James: Well there were a lot of people in the community in military service.
Casey: Do you remember at all when Pearl Harbor happened?
James: It either happened the year I was born or a few years later.
Casey: What media did you have in your home? Did you have a radio?
James: Yeah, we had a radio. That’s what we always had until I was older.
Casey: Until about how old?
James: How old I was before we had a radio, or phonograph or TV?
Casey: Yeah.
James: I was probably 15 or 16 before we had a TV.
Casey: As a child did you spend a lot of time listening to the radio?
James: I had my own radio. More interesting than listening to the radio, I used to listen to programs like (titles inaudible), my interest was in crystal radios. We had what was called an umbrella tree; it had boards nailed in it so you could go up and sit. I had two or three crystal radio sets up there and I used to see what kind of signal I could get.
Casey: Why were you more interested in the crystal radio set?
James: Than what?
Casey: Than the normal radio set in your home?
James: Oh I’d say because it was more challenging, it was something constructive.
Casey: When you did listen to the radio what kind of programs did you like to listen to?
James: Those were entertainment shows, humor type shows.
Casey: Um, did your family subscribe to newspapers? Were there a lot of books in your home?
James: Before we leave the subject of the electronic media, are we talking about before 10 or after the age of 10?
Casey: Whatever you feel like talking about.
James: What was your question?
Casey: Well, we can go on to talk about TV if you want or talk about newspapers and books in your home.
James: Well let’s go on to talk about TV.
Casey: Ok.
James: I remember when the TV was introduced to me in the early 50s, although we didn’t have a TV until I was 15 or 16 years old. Our neighbors had one of the very first TVs made by Crossly, I don’t even know if they are in existence anymore, they definitely aren’t in the electronics business. I used to go over there and watch TV and what we foremost watched at that time was the elections between Dwight Eisenhower, and Aideli Stephenson. As youngsters we watched the tabulation and the propaganda and everything in hopes that our candidate would win, which was Eisenhower. We didn’t buy a TV until years after they came out, and it was when my sister Joyce moved from Arizona to Grand Junction, Colorado. She left us her TV and instead of putting the antennae up on the roof, that was a no-no, I wasn’t actually supposed to listen to it or watch it.
Casey: Why not?
James: Because it was my sister’s. But I hooked the antennae up in the front yard so I could watch programs on the TV. And of course later on we bought our own.

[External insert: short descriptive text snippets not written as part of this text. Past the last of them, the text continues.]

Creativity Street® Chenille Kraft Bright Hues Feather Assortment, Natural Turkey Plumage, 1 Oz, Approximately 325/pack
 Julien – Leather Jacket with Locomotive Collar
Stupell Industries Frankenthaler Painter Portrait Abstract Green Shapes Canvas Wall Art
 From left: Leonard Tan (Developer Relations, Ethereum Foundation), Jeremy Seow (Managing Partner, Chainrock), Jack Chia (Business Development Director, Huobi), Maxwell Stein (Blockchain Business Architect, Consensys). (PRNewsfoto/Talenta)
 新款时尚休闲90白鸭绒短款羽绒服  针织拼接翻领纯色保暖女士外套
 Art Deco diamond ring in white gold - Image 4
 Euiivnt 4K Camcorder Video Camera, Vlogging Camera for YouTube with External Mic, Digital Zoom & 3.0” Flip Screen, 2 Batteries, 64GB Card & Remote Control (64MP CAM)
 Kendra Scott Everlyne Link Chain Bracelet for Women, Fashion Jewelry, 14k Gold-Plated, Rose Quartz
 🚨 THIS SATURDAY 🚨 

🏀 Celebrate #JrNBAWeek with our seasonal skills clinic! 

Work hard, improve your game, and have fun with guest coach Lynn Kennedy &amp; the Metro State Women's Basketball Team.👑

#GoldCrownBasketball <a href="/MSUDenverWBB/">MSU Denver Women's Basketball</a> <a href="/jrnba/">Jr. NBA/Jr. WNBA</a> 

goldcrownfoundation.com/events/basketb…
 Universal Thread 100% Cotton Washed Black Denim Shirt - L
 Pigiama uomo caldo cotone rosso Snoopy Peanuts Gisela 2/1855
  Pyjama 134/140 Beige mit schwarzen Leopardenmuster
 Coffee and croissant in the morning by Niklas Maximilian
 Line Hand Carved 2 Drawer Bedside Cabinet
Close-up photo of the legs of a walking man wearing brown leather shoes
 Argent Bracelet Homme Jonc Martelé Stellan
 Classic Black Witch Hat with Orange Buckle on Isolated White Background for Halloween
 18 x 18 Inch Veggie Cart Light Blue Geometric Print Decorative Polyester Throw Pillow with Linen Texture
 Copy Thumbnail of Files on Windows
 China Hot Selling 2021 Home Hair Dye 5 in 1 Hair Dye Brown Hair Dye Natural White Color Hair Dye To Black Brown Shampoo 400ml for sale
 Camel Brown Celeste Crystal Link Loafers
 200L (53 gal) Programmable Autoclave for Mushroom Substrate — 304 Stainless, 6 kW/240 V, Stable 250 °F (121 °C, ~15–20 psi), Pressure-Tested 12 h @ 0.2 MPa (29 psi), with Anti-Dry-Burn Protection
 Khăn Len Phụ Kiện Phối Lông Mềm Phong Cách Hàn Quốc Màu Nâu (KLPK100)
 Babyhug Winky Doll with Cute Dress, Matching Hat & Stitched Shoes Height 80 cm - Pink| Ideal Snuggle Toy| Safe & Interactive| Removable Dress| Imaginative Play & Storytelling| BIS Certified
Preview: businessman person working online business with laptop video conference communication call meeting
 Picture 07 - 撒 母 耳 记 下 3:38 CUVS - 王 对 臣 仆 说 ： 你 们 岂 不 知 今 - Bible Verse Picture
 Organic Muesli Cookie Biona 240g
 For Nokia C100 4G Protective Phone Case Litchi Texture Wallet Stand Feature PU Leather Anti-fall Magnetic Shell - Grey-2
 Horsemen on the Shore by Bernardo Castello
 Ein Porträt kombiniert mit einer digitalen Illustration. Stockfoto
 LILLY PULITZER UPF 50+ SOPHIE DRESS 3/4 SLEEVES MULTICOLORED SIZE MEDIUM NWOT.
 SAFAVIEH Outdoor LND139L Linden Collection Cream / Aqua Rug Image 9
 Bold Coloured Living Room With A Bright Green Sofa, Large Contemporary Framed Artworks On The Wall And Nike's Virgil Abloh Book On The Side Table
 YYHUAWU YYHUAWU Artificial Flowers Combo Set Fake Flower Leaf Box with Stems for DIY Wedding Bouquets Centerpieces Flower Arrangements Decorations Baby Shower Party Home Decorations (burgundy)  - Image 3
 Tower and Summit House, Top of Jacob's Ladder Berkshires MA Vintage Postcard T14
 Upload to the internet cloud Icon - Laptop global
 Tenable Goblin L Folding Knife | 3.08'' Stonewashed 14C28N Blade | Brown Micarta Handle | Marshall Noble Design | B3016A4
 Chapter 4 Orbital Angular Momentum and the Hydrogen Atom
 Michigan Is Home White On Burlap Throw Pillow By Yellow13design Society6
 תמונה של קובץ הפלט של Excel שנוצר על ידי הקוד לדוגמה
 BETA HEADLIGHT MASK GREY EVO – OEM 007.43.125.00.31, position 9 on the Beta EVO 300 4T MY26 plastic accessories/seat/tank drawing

Casey: What do you remember about the first broadcasts they had on TV? What was TV like?
James: I remember watching the Ed Sullivan show. It was all black and white, the screens were small. A lot of the stuff was prerecorded and a lot of the stuff was live. There used to be a program called…let me think for a minute…where they…I don’t remember…sorry.
Casey: It’s ok.
James: Ask me another question.
Casey: What were the TV sets like?
James: What was what?
Casey: The TV sets.
James: They were made out of wood; there weren’t really any counter top ones. They sat on the floor. And, uh, it was difficult to get a good picture a lot of times. You got snow, and that would depend on the antennae. I remember old James Ray, that’s whose house I would watch it at, trying to adjust that TV. In order to do it, he set up a full size mirror in front of the TV so he could sit behind the TV, and play with it, because the adjustments were back there, to get a good picture. Compared with what we have today, they were pretty archaic. It’s interesting, you know, one of my best friends, Arles Church, had an uncle who was Philo T. Farnsworth. The man, who in the United States, that is credited most with the development of the TV.
Casey: Mm hmm.
James: But the original ones were archaic, small, the screen was like thirteen inches. Normally they were round instead of square.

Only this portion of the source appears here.